On Mon, 2007-08-06 at 15:07 -0400, Gregory Haskins wrote:
> Hi Ingo,
> I think there is a latent race condition somewhere in the code. We
> find that -rt works on our 4-way (and under) systems, but have problems
> on our 8-ways.
>
> If you run without nmi_watchdog, the system will sometimes boot (but
> very very very slow), and sometimes it will softlockup. If you turn on
> nmi_watchdog, the system detects a hang (probably at the point where the
> system gets really slow without it). We notice no problems on the
> 4-ways.
>
> The system where we can reproduce this is a Dell 690 with Dual 2Ghz
> Quad-core Xeon 5335s. I've attached some relevant info.
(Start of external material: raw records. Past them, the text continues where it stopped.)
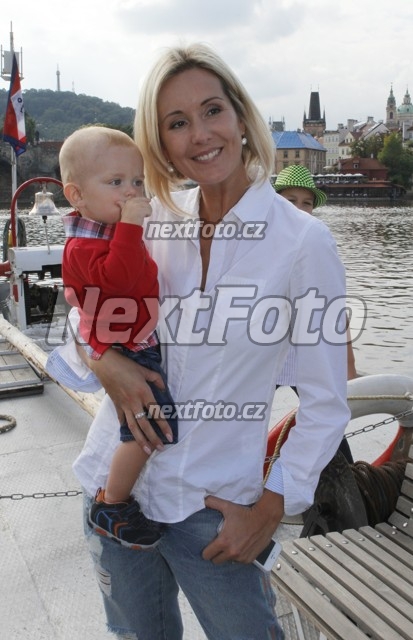 5216 Jovanka Skrceska Adam Vojtek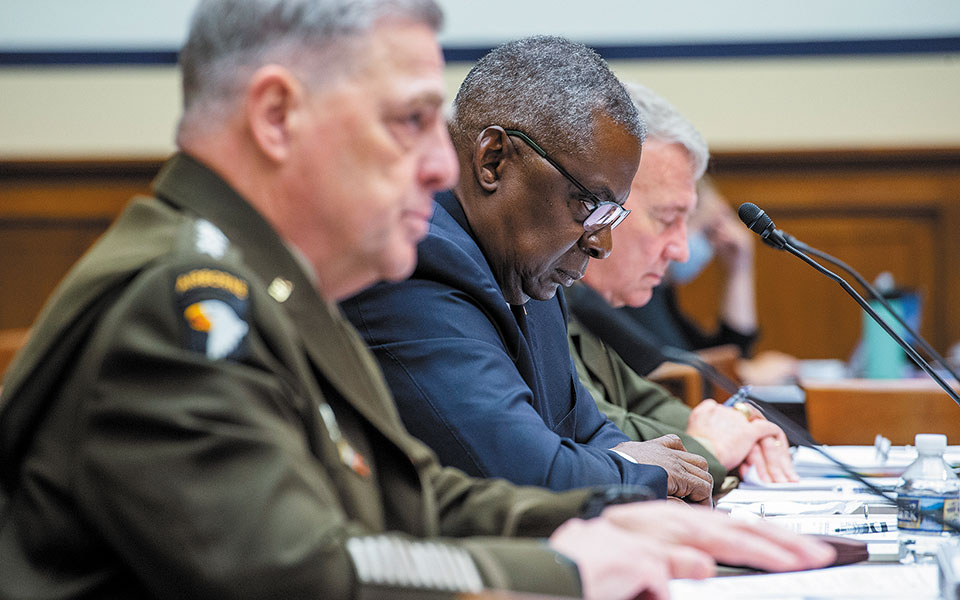 έντονη-κόντρα-για-το-αφγανιστάν-561519778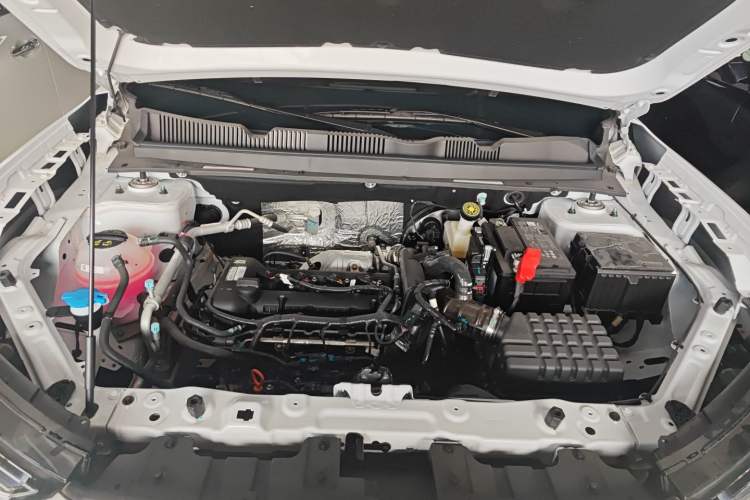 Used JETOUR Dashing 2025 1.5T DCT Youth UP Engine Bay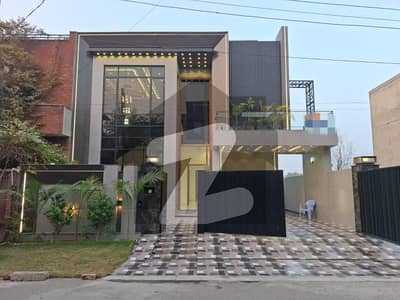 واپڈا ٹاؤن لاہور میں 5 کمروں کا 10 مرلہ مکان 5.25 کروڑ میں برائے فروخت۔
Let me know if
> you need more.

Could you drop the following config options and test again?

#
# Processor type and features
#
CONFIG_TICK_ONESHOT=y
CONFIG_NO_HZ=y
CONFIG_HIGH_RES_TIMERS=y

(btw, added LKML to the CC list ..)

Daniel


2007-08-07 17:30:00

by Gregory Haskins

[permalink] [raw]
Subject: Re: Hang on 8-way with 2.6.23-rc2-rt2

On Tue, 2007-08-07 at 10:03 -0700, Daniel Walker wrote:

> Could you drop the following config options and test again?
>
> #
> # Processor type and features
> #
> CONFIG_TICK_ONESHOT=y
> CONFIG_NO_HZ=y
> CONFIG_HIGH_RES_TIMERS=y
>

Will do.

I have a patch which works around the issue too, which I will forward
momentarily. It appears as though there is a deadlock either between
two task_rq_locks, or between a task_rq_lock and something else. The
patch I wrote changes the "double_lock_balance()" function to a full DP
algorithm under contention. Technically I think the original
implementation was correct which is why my patch is really a workaround:
I think its just plastering over the real issue. But in any case, the
8-way system is no longer slow and no longer nmi_watchdog/softlockups on
me(*). Perhaps it will at least help in finding the root cause.

Regards,
-Greg

(*) There are still issues on the 8-way once we get passed this
scheduler problem, however.